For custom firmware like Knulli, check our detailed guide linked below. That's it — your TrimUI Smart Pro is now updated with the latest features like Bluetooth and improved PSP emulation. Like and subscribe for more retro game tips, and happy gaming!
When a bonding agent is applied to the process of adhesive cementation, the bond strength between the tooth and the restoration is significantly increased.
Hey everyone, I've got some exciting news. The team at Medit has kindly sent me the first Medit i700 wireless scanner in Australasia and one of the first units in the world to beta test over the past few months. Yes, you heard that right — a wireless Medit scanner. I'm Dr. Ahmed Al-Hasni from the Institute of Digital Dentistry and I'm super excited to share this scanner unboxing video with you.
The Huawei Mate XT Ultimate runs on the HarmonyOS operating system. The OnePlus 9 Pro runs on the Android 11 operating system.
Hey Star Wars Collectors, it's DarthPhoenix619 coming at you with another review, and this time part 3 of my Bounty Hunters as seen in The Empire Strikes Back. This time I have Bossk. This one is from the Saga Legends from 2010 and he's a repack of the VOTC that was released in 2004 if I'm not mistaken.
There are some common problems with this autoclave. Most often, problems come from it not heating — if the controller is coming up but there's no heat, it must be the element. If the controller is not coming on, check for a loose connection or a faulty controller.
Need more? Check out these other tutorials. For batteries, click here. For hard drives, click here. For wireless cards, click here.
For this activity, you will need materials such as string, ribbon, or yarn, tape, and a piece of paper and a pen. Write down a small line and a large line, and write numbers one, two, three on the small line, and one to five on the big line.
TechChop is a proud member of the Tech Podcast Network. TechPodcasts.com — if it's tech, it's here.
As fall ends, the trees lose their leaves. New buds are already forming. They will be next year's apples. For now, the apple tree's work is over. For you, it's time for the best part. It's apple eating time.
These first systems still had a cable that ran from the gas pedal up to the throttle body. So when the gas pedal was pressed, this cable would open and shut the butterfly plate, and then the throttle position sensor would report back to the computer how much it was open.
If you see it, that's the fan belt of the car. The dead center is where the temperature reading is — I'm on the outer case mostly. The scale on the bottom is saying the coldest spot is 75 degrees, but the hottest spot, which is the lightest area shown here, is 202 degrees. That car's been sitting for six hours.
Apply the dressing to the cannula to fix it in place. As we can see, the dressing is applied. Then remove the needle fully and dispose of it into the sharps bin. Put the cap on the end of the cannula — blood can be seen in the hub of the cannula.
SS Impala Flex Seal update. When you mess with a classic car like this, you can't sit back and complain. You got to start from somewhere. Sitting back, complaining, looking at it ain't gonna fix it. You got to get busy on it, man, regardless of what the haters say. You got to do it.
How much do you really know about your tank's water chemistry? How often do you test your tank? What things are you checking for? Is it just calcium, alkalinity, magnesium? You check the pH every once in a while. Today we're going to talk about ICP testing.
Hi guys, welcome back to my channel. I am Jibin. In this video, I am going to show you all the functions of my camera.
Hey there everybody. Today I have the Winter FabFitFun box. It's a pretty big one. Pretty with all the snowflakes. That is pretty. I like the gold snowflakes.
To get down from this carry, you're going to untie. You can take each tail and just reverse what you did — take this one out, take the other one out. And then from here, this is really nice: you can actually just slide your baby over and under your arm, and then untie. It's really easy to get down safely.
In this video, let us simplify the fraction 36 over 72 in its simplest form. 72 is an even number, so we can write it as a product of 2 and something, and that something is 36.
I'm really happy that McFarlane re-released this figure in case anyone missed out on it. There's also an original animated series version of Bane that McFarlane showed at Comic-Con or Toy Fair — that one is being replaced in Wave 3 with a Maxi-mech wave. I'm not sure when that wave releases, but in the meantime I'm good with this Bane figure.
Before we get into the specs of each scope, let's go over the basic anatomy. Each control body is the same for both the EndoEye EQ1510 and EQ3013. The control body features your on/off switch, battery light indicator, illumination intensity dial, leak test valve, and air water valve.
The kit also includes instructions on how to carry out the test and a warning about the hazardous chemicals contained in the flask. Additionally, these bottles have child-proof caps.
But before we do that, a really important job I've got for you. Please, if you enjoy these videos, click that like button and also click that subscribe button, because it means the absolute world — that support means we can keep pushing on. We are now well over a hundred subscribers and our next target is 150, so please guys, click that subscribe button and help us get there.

Problem to work on
Write out each line exactly, as it is shown above.

Answer to the problem
For custom firmware like Knulli, check our detailed guide linked below. That's it — your TrimUI Smart Pro is now updated with the latest features like Bluetooth and improved PSP emulation. Like and subscribe for more retro game tips, and happy gaming!
When a bonding agent is applied to the process of adhesive cementation, the bond strength between the tooth and the restoration is significantly increased.
Hey everyone, I've got some exciting news. The team at Medit has kindly sent me the first Medit i700 wireless scanner in Australasia and one of the first units in the world to beta test over the past few months. Yes, you heard that right — a wireless Medit scanner. I'm Dr. Ahmed Al-Hasni from the Institute of Digital Dentistry and I'm super excited to share this scanner unboxing video with you.
The Huawei Mate XT Ultimate runs on the HarmonyOS operating system. The OnePlus 9 Pro runs on the Android 11 operating system.
Hey Star Wars Collectors, it's DarthPhoenix619 coming at you with another review, and this time part 3 of my Bounty Hunters as seen in The Empire Strikes Back. This time I have Bossk. This one is from the Saga Legends from 2010 and he's a repack of the VOTC that was released in 2004 if I'm not mistaken.
There are some common problems with this autoclave. Most often, problems come from it not heating — if the controller is coming up but there's no heat, it must be the element. If the controller is not coming on, check for a loose connection or a faulty controller.
Need more? Check out these other tutorials. For batteries, click here. For hard drives, click here. For wireless cards, click here.
For this activity, you will need materials such as string, ribbon, or yarn, tape, and a piece of paper and a pen. Write down a small line and a large line, and write numbers one, two, three on the small line, and one to five on the big line.
TechChop is a proud member of the Tech Podcast Network. TechPodcasts.com — if it's tech, it's here.
As fall ends, the trees lose their leaves. New buds are already forming. They will be next year's apples. For now, the apple tree's work is over. For you, it's time for the best part. It's apple eating time.
These first systems still had a cable that ran from the gas pedal up to the throttle body. So when the gas pedal was pressed, this cable would open and shut the butterfly plate, and then the throttle position sensor would report back to the computer how much it was open.
If you see it, that's the fan belt of the car. The dead center is where the temperature reading is — I'm on the outer case mostly. The scale on the bottom is saying the coldest spot is 75 degrees, but the hottest spot, which is the lightest area shown here, is 202 degrees. That car's been sitting for six hours.
Apply the dressing to the cannula to fix it in place. As we can see, the dressing is applied. Then remove the needle fully and dispose of it into the sharps bin. Put the cap on the end of the cannula — blood can be seen in the hub of the cannula.
SS Impala Flex Seal update. When you mess with a classic car like this, you can't sit back and complain. You got to start from somewhere. Sitting back, complaining, looking at it ain't gonna fix it. You got to get busy on it, man, regardless of what the haters say. You got to do it.
How much do you really know about your tank's water chemistry? How often do you test your tank? What things are you checking for? Is it just calcium, alkalinity, magnesium? You check the pH every once in a while. Today we're going to talk about ICP testing.
Hi guys, welcome back to my channel. I am Jibin. In this video, I am going to show you all the functions of my camera.
Hey there everybody. Today I have the Winter FabFitFun box. It's a pretty big one. Pretty with all the snowflakes. That is pretty. I like the gold snowflakes.
To get down from this carry, you're going to untie. You can take each tail and just reverse what you did — take this one out, take the other one out. And then from here, this is really nice: you can actually just slide your baby over and under your arm, and then untie. It's really easy to get down safely.
In this video, let us simplify the fraction 36 over 72 in its simplest form. 72 is an even number, so we can write it as a product of 2 and something, and that something is 36.
I'm really happy that McFarlane re-released this figure in case anyone missed out on it. There's also an original animated series version of Bane that McFarlane showed at Comic-Con or Toy Fair — that one is being replaced in Wave 3 with a Maxi-mech wave. I'm not sure when that wave releases, but in the meantime I'm good with this Bane figure.
Before we get into the specs of each scope, let's go over the basic anatomy. Each control body is the same for both the EndoEye EQ1510 and EQ3013. The control body features your on/off switch, battery light indicator, illumination intensity dial, leak test valve, and air water valve.
The kit also includes instructions on how to carry out the test and a warning about the hazardous chemicals contained in the flask. Additionally, these bottles have child-proof caps.
But before we do that, a really important job I've got for you. Please, if you enjoy these videos, click that like button and also click that subscribe button, because it means the absolute world — that support means we can keep pushing on. We are now well over a hundred subscribers and our next target is 150, so please guys, click that subscribe button and help us get there.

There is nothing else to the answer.